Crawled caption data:
━━━
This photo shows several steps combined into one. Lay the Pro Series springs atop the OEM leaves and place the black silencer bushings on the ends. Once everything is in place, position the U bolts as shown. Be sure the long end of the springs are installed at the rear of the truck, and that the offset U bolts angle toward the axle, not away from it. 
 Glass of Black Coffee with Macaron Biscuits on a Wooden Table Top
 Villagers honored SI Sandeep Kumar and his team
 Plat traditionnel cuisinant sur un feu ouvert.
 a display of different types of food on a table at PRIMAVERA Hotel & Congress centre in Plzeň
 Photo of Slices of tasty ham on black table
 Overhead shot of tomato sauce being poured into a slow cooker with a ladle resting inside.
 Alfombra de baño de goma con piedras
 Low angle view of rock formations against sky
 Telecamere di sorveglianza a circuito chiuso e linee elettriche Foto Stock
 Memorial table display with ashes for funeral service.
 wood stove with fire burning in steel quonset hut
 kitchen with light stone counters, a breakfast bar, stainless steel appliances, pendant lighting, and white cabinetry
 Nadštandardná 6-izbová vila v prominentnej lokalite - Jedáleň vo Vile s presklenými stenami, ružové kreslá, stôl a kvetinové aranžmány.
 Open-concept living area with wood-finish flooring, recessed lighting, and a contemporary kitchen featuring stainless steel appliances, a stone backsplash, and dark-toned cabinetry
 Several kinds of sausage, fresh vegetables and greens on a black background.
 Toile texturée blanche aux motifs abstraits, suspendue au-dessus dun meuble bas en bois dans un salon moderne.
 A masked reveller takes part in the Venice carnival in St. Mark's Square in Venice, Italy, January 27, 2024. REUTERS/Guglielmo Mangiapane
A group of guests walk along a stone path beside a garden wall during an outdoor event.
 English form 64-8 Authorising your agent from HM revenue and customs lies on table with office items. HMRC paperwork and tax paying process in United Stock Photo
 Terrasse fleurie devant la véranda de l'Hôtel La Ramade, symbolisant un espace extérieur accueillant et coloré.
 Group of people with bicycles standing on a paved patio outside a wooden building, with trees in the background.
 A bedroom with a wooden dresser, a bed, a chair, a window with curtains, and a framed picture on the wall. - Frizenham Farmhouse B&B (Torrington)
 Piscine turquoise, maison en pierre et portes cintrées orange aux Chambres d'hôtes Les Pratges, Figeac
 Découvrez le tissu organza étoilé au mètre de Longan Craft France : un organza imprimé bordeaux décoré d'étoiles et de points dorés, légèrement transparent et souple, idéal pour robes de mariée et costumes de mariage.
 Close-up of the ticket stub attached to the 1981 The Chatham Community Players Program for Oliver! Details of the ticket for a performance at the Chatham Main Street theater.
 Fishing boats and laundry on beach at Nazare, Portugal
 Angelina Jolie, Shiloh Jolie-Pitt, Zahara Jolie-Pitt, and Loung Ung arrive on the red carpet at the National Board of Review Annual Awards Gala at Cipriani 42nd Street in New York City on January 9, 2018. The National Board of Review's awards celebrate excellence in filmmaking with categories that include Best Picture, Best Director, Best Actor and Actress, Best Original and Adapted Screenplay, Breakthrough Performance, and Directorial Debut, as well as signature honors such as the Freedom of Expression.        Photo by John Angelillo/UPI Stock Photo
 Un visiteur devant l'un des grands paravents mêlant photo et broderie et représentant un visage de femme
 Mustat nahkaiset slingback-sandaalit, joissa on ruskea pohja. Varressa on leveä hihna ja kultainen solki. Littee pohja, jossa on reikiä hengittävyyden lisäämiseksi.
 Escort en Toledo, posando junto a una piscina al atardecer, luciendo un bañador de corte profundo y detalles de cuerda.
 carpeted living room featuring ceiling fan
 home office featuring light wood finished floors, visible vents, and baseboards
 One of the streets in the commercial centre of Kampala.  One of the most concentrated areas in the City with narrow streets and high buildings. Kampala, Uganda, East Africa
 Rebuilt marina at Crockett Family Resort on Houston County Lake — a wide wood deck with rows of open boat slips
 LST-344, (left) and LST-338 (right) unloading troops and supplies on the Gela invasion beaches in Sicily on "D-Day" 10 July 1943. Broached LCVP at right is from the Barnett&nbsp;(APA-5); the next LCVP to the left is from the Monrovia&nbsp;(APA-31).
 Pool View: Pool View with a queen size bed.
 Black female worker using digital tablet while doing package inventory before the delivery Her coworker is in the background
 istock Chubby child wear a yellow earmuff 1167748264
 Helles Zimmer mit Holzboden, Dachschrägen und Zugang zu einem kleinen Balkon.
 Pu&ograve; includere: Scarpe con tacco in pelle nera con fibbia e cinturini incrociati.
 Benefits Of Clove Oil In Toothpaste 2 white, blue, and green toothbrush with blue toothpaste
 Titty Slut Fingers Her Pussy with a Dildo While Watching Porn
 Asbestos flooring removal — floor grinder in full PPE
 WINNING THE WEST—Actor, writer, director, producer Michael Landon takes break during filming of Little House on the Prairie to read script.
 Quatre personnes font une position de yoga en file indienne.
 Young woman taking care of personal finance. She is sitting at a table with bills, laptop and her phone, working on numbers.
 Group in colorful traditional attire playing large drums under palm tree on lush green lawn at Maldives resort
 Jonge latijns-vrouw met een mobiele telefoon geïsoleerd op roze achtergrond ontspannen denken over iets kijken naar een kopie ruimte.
━━━
**BRIEF**
There is a line with "Young woman taking" and a line with "Group in colorful" above. Copy exactly those two lines and all lines between them, with nothing else.

**WORKED SOLUTION**
 Young woman taking care of personal finance. She is sitting at a table with bills, laptop and her phone, working on numbers.
 Group in colorful traditional attire playing large drums under palm tree on lush green lawn at Maldives resort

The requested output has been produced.